In 1841/1842, there were 11 blast furnaces in Luxembourg, which all used wood and whose total annual production amounted to 7,300 tons. The blast furnaces were in the following villages:

| Locality | Number of blast furnaces | Annual production in tons |
| Berbourg | 1 | 700 |
| Lamadelaine | 2 | 900 |
| Bissen | 2 | 1400 |
| Colmar-Berg | 1 | 700 |
| Fischbach | 2 | 1500 |
| Grundhof | 1 | 700 |
| Ansembourg | 1 | 700 |
| Dommeldange | 1 | 700 |

Luxembourg's steel industry changed radically in the mid-19th century. In 1842, Luxembourg joined the Zollverein (the German customs union), gaining access to a large market in the East. The treaty to join the Zollverein was regularly renewed over the next 60 years, and facilitated the country's industrial development. Profiting from the economic dynamism of its German neighbours, Luxembourg started exporting its iron ore to the Saar and Ruhr areas, but also to Belgian forges. A deposit of minette, a low-quality Luxembourgish iron ore, had been discovered in the south of the country in 1842.
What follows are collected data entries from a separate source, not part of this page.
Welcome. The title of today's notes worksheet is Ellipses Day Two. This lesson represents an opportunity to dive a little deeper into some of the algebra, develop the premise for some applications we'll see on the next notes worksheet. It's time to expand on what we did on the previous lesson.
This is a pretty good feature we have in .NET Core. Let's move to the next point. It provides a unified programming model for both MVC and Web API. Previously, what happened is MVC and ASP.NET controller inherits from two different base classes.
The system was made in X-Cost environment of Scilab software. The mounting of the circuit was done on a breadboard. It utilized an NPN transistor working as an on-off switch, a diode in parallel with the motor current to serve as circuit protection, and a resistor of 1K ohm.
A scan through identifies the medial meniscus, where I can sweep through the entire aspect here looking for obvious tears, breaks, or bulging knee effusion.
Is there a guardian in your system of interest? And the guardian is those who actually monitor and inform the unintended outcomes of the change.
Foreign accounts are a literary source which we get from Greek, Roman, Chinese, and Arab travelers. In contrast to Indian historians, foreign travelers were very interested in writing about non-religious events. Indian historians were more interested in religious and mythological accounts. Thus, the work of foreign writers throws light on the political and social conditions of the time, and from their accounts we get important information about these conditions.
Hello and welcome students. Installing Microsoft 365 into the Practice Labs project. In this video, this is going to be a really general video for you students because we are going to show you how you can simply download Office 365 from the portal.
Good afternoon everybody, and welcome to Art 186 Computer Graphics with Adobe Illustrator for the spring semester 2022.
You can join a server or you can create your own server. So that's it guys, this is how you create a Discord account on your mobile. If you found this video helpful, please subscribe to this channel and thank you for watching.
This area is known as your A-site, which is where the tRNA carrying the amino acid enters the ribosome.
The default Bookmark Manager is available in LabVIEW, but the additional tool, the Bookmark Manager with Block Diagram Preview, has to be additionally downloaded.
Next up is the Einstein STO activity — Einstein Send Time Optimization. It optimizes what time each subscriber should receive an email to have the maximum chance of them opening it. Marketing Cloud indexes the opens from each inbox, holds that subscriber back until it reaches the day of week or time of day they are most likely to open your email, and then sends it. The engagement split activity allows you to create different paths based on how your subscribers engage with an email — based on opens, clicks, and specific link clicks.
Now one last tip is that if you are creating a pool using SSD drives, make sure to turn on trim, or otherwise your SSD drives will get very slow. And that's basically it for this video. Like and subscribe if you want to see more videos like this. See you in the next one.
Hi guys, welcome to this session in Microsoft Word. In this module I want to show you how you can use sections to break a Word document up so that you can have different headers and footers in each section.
In addition to the opening of the German market, the expansion of the railway network from 1855 to 1875 was another important factor, particularly the construction of the Luxembourg-Thionville railway line, with connections from there to the European industrial regions. As a consequence, it became profitable to use the harder coke instead of charcoal.
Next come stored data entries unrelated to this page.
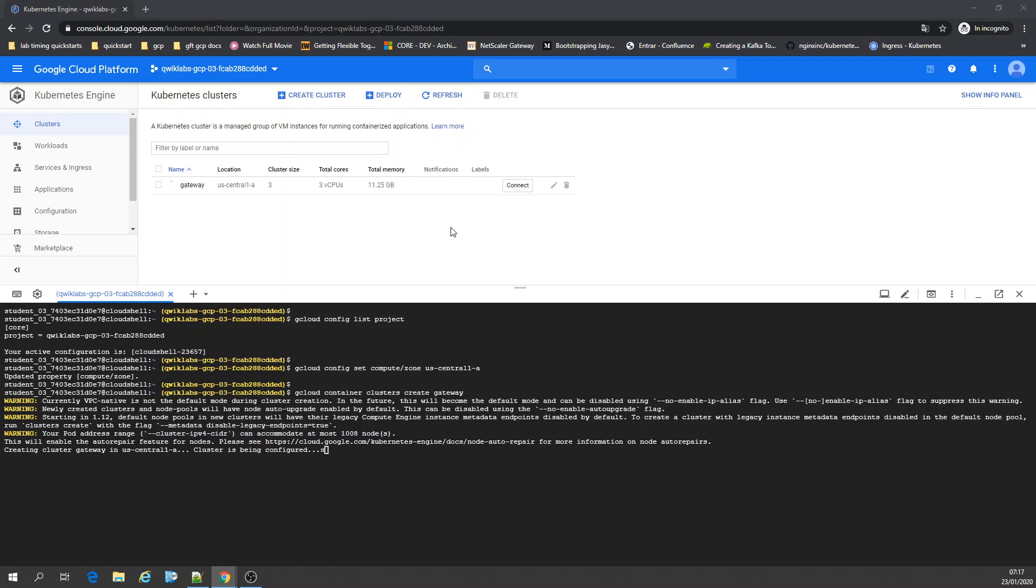Once it's created, we can get the credentials to get into this cluster. If you don't specify, the location goes to US Central 1A. As we defined it, our compute zone is US Central 1A.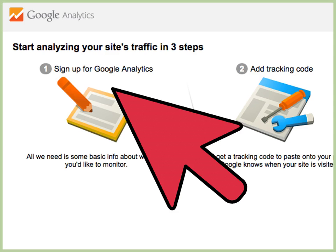Save your communication preferences. The first time you sign in to Google Analytics, you'll be prompted to save your communication preferences. If you don't want Google Analytics to send you email, uncheck all the boxes and then click Save Preferences.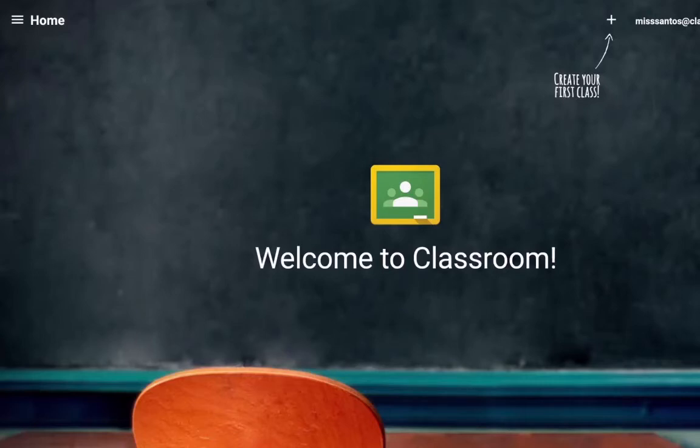Hi everybody, this is Brian with the Instructional Technology Coordinator Team here in the School District of Waukesha. And as we're ramping up and excited for a new school year to come, one of the questions we've been getting a lot of is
This meant that the furnace owners were more and more interested in using minette. From 1854 to 1869, there were 64 requests for a concession to mine minette, mostly from Belgian and Prussian companies. About two-thirds of the mined minette was exported to the Prussian Rhineland and to Belgium.
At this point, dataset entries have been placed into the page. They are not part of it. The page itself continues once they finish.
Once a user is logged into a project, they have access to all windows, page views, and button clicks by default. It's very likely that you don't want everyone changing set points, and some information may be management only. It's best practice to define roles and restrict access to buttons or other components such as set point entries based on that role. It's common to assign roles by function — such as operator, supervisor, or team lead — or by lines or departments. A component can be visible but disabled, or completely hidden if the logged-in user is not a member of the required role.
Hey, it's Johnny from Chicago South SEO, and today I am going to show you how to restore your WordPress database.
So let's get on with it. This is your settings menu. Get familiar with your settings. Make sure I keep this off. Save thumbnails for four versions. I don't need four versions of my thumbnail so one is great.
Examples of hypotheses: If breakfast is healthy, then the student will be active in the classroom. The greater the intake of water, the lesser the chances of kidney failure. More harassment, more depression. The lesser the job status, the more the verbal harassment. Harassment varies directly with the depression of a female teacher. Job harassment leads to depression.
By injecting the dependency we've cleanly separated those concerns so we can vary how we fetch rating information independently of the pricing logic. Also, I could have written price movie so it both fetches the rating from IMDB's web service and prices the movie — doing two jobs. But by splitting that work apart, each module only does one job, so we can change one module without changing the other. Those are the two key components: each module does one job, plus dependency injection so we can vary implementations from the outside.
From the 1870s, the influx of German capital, the exploitation of the mines of the Esch-Alzette area in the south of the country, the use of the Gilchrist–Thomas process in steel-making after 1879, and a high level of immigration—Germans after 1870, Italians after 1890—contributed to make Luxembourg's steel industry one of the most important in Europe. Five large steel companies were founded from 1870 to 1890:
- Société des hauts-fourneaux luxembourgeois (1870)
- Société des hauts-fourneaux de Rodange (1872)
- Société des hauts-fourneaux de Hollerich (1877)
- Société des hauts-fourneaux de Rumelange (1880)
- Société des hauts-fourneaux et forges de Dudelange (1882)
Under a law passed in 1870, the state became the owner of all minette reserves down to a certain depth. In 1880, another law was passed, which tied new concessions to mine minette under the condition that it had to be processed in Luxembourg. This enabled certain Luxembourg families to play a key role in the furnaces.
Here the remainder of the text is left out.